Linear Asset Manager - A Quick History
EdJones 270000PQTC Visits (9708)
People often ask me about Linear Asset Manager. Not
what it does - but why the product was developed in the first place.
In May 2005, Don Beahm, who was the lead product manager for Maximo Transportation, and who now works for Accenture, stood before me and drew a line on the whiteboard. "This is a linear asset," he said. "It is not a pump, and Maximo should not treat it like a pump." He went on to explain that linear assets have characteristics that change over distance. On an interstate road, the speed limit increases from 55 to 65, the number of lanes changes from 3 to 4 and back, and the pavement material changes as well. In the world of Maximo, users were forced to create a new asset each time the characteristics changed. And that made little sense. It not only created a proliferation of assets, but also impacted work history.

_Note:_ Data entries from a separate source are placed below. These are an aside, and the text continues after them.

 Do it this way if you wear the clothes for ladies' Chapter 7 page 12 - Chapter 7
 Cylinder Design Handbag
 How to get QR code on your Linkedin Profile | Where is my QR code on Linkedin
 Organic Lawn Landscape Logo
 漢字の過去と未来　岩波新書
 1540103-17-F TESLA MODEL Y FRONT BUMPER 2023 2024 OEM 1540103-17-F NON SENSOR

How can I accurately track my maintenance expenditures if I am continually retiring and creating new assets over the same span of road?
The key, we quickly realized, was to adopt the concept of dynamic segmentation, which we defined to mean 'the ability to virtually segment a linear asset without impacting its underlying geometry.'
Working with fellow Product Architect & Designer Nithiya Parameswaran, we began to construct a generic approach to dynamic segmentation that could be applied to roads, railways and pipelines. We did so by researching existing standards, such as ISO 19133, and the American National Standard for Information Technology - Information Technology Geographic Information Framework Data Content Standard. We also solicited input from development partners such as Amtrak, the Maryland Department of Transportation, and Los Angeles County Department of Public Works.

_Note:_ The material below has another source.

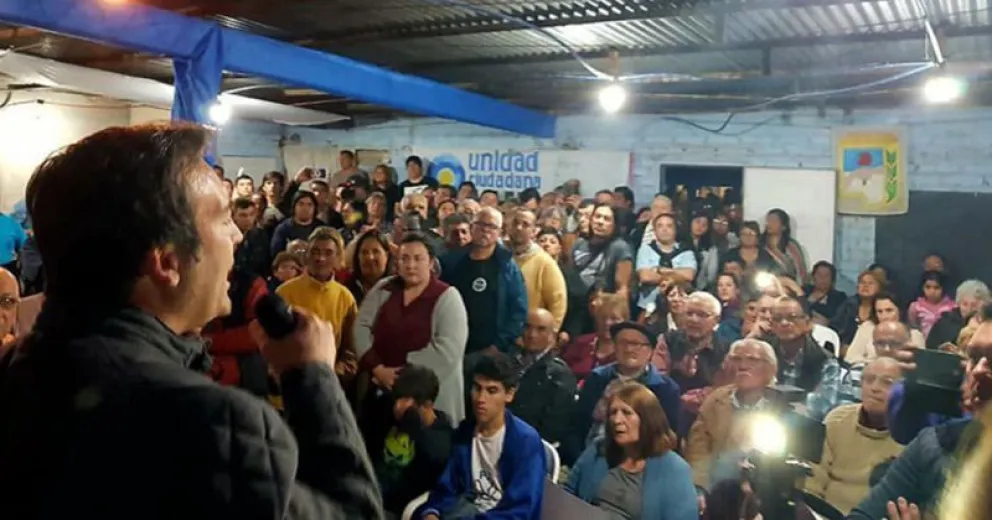 Martín Soria insultó a periodistas en Allen a quienes llamó "esa mierda" y uno lo mandó a hacerse una rinoscopía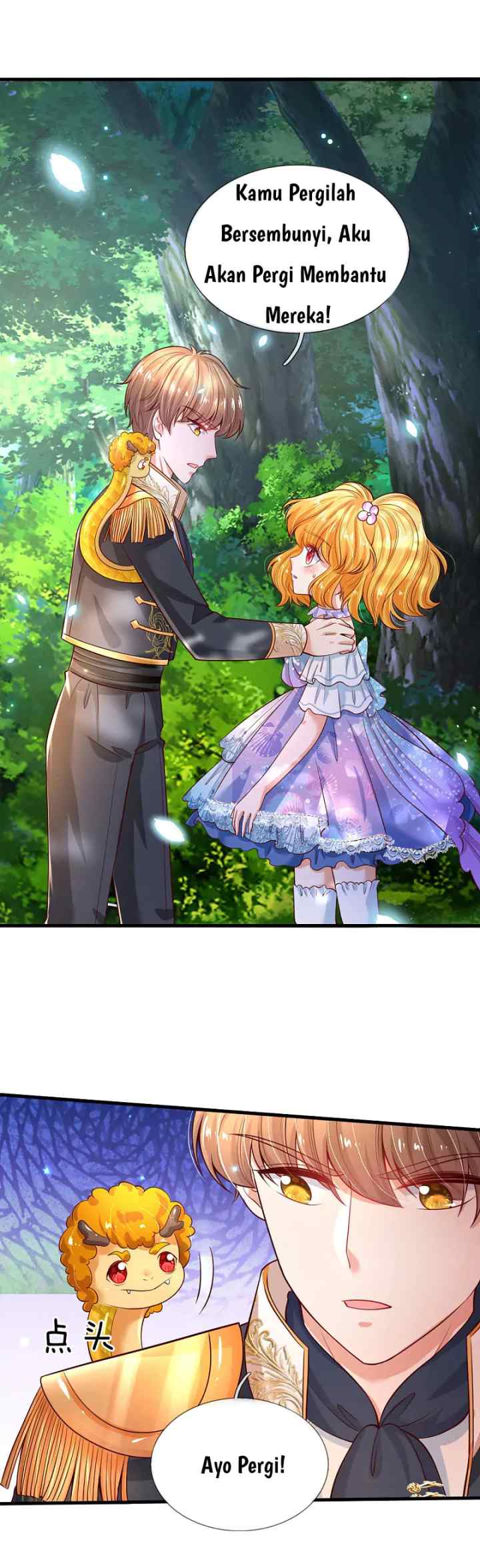I Became The Emperor's Daughter One Day chapter 205 halaman 7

Our focus was to extend existing applications in lieu of a separate 'Linear Asset' module, since there was a significant amount of overlap between the linear asset and non-linear asset functionality. We did so by making controls display based upon whether or not the asset was linear. This allowed us to use existing applications without overwhelming non-linear users with additional elements on the screen.
Maximo Linear Asset Manager 7.1 was released on May 16, 2008, bringing to fruition the concept of 'treating linear assets differently than pumps', by allowing users to apply dynamic segmentation to Maximo assets, and track their work history more accurately.
And that’s the story of Maximo Linear Asset Manager.